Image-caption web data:
=== Begin Enclosure ===
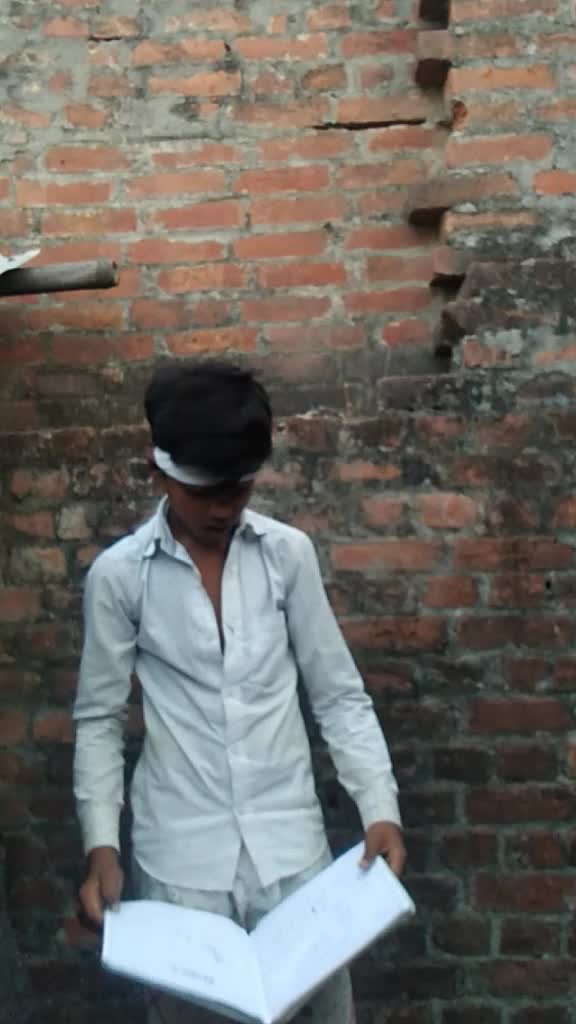 @ritik agrahari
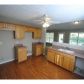 3418 Washington Commons Avenue, Kennesaw, GA 30144 ID:3075449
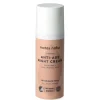 Matas Natur Natcreme>Firming Anti-Age Night Cream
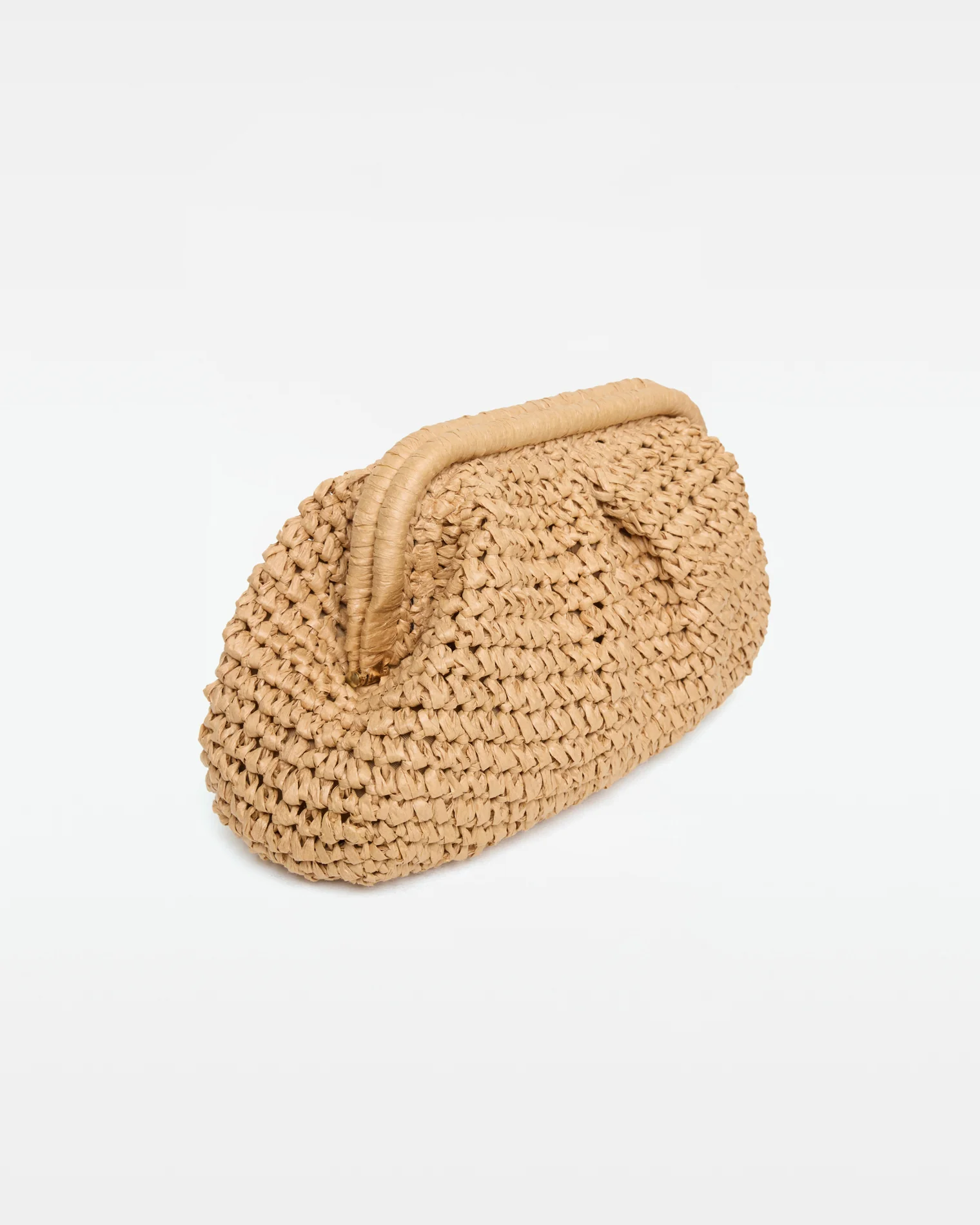 Harmony Bag - Natural - Image 5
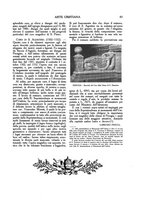 giornale/LO10015867/1916/unico/00000097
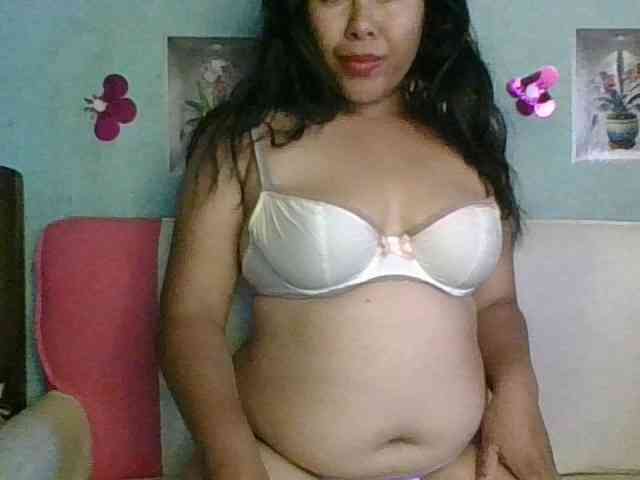 Ericah-Boobss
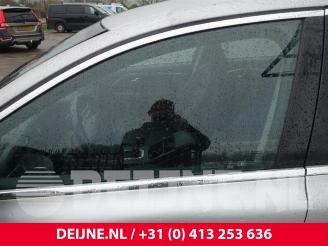 Volvo V-70 V70 (BW), Combi, 2007 / 2016 2.4 D5 20V 205 picture 14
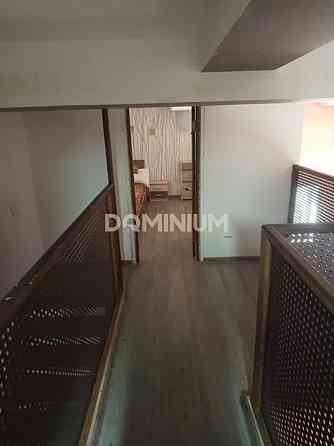 Здається в оренду 3 кімнатна квартира - студія м. Хуст Хуст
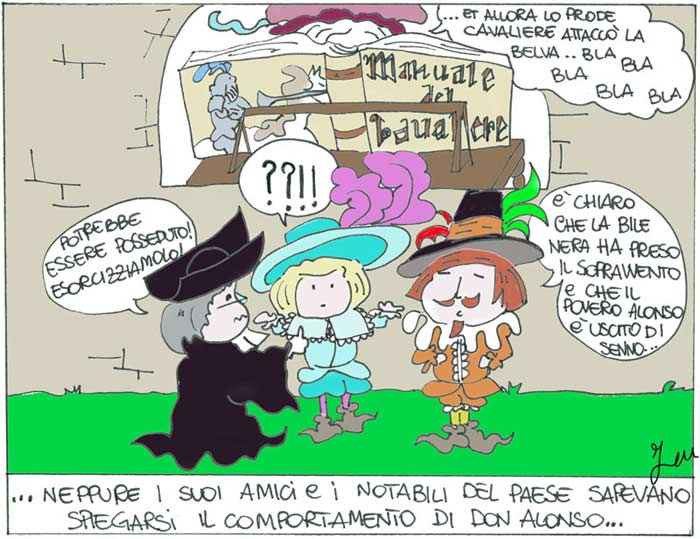 chisciotte-1-3
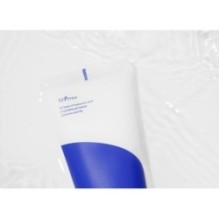 Isntree - Hyaluronic Acid Aqua Gel Cream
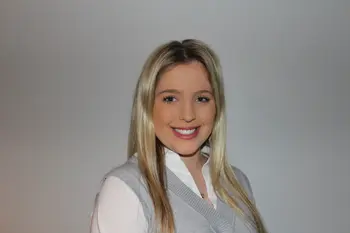 Lucia Brzezinski
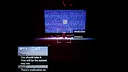 DRINK HUMAN BEANS Demo Screenshot 4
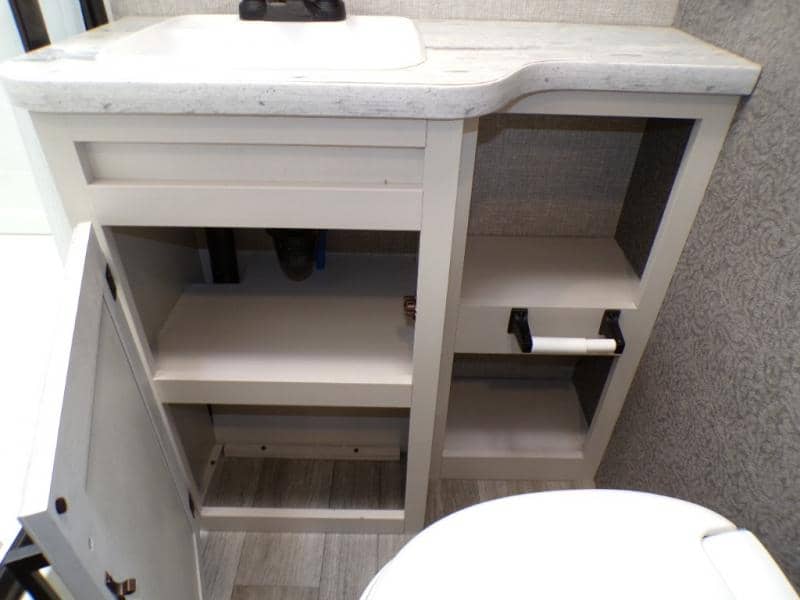 2022 Jayco 2022 Jayco Jay Feather - thumbnail 43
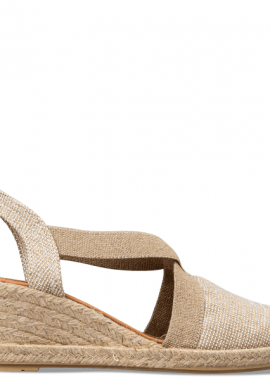 Envie Shoes - ESPADRILLES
=== End Enclosure ===
Task goal:
Copy each entry exactly as written. Pictures do not belong in the copy.

Exercise result:
 @ritik agrahari
 3418 Washington Commons Avenue, Kennesaw, GA 30144 ID:3075449
 Matas Natur Natcreme>Firming Anti-Age Night Cream
 Harmony Bag - Natural - Image 5
 giornale/LO10015867/1916/unico/00000097
 Ericah-Boobss
 Volvo V-70 V70 (BW), Combi, 2007 / 2016 2.4 D5 20V 205 picture 14
 Здається в оренду 3 кімнатна квартира - студія м. Хуст Хуст
 chisciotte-1-3
 Isntree - Hyaluronic Acid Aqua Gel Cream
 Lucia Brzezinski
 DRINK HUMAN BEANS Demo Screenshot 4
 2022 Jayco 2022 Jayco Jay Feather - thumbnail 43
 Envie Shoes - ESPADRILLES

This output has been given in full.